Triple-A, the highest level of the minor leagues, contains a variety of players at different stages of their careers. Some are prospects, others are career minor leaguers, and others are former major leaguers looking for one more shot at the top. Major league players on injury rehab assignments are most likely to turn up on their team's AAA roster.
It is not unheard of for players to start the season at AA and end up on a big league roster at the end of the season. Most of its players have come up through the ranks and the big league club still thinks they have a chance to make the majors. Rehabbing injured major leaguers may play here too, and some players on the big league roster may get assigned to AA for extra work.

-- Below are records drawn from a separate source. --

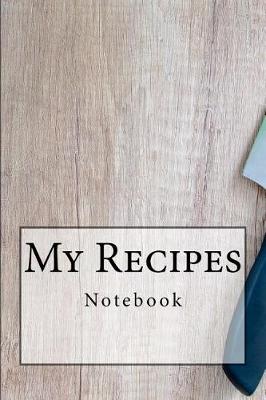 Book cover for My Recipes Notebook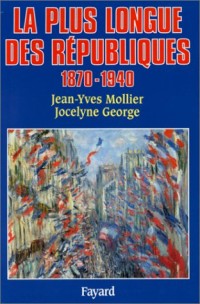 La plus longue des Républiques. 1870-1940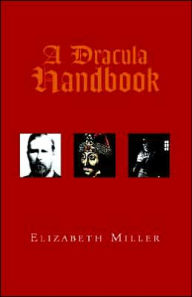 Title: A Dracula Handbook, Author: Elizabeth Miller MD PhD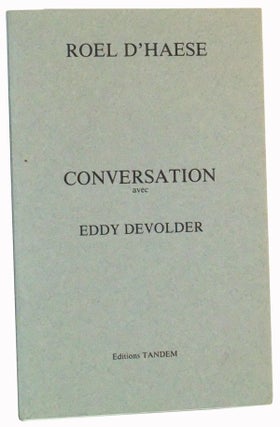 Item #3500052 Roel d'Haese: Conversation avec Eddy Devolder. Roel d'Haese, Eddy Devolder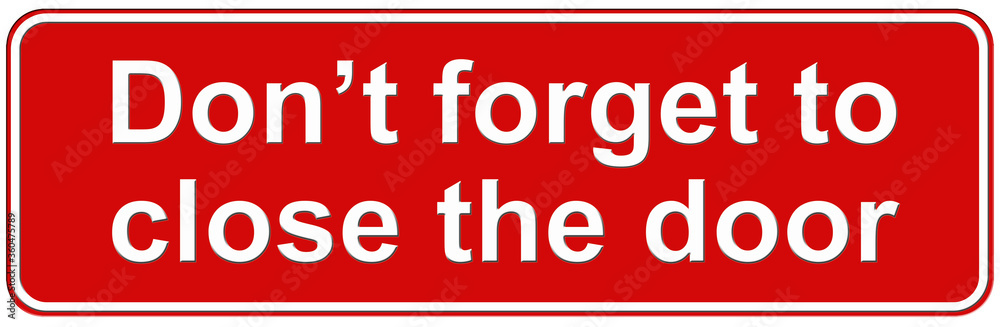A sign that says : Don't forget to close the door. Door Sign. A sign that says : Don't forget to close the door. Door Sign.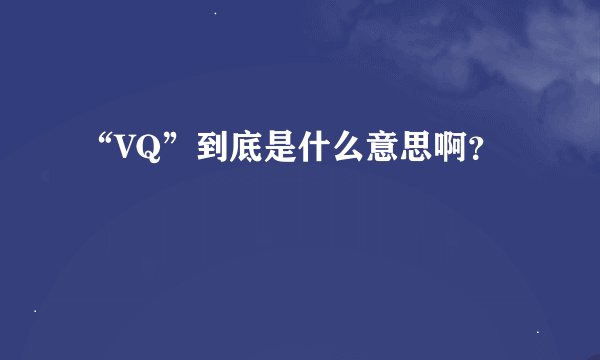 “VQ”到底是什么意思啊？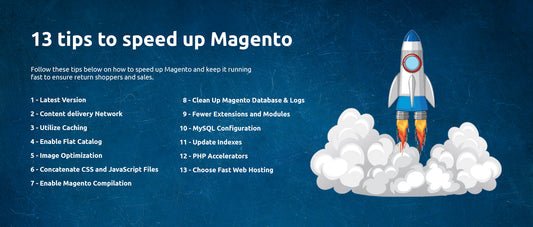 13 tips to speed up Magento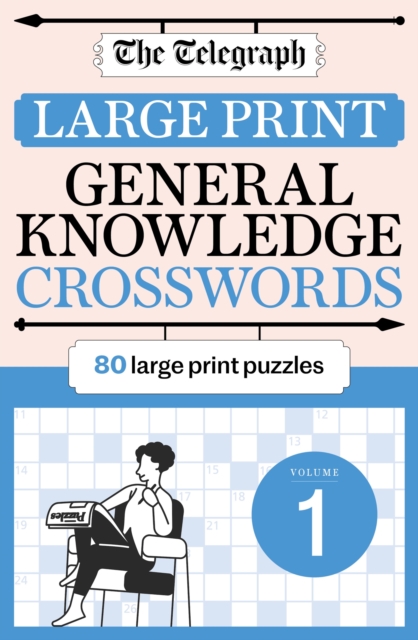 The Telegraph Large Print General Knowledge Crosswords 1, Paperback / softback Book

Class-A and Class-A Advanced
Class A, or low A, is the first level that plays a full season of 140 games, April through September. Most of its players have put time in at the Rookie league or Class-A Short Season. Some players move on to Class A Advanced. A Class A roster can't have more than two players with five or more years in the minors, while the Class A Advanced rosters can't have more than two players with six years experience.
Class-A Short Season
As the name says, short season leagues don't last long. They go for 75 games from June to September, and its players usually have limited experience. Short seasons are especially beneficial to college players who won't even get drafted until June. The majority of players at this level usually have less than four years of pro experience.
Since pro teams can draft high school players, the average player age at this level is just 19. It's limited to players with three or fewer years of minor league experience. Rookies only play 75 games a year, which allows the young athletes to get used to the lifestyle and playing every day.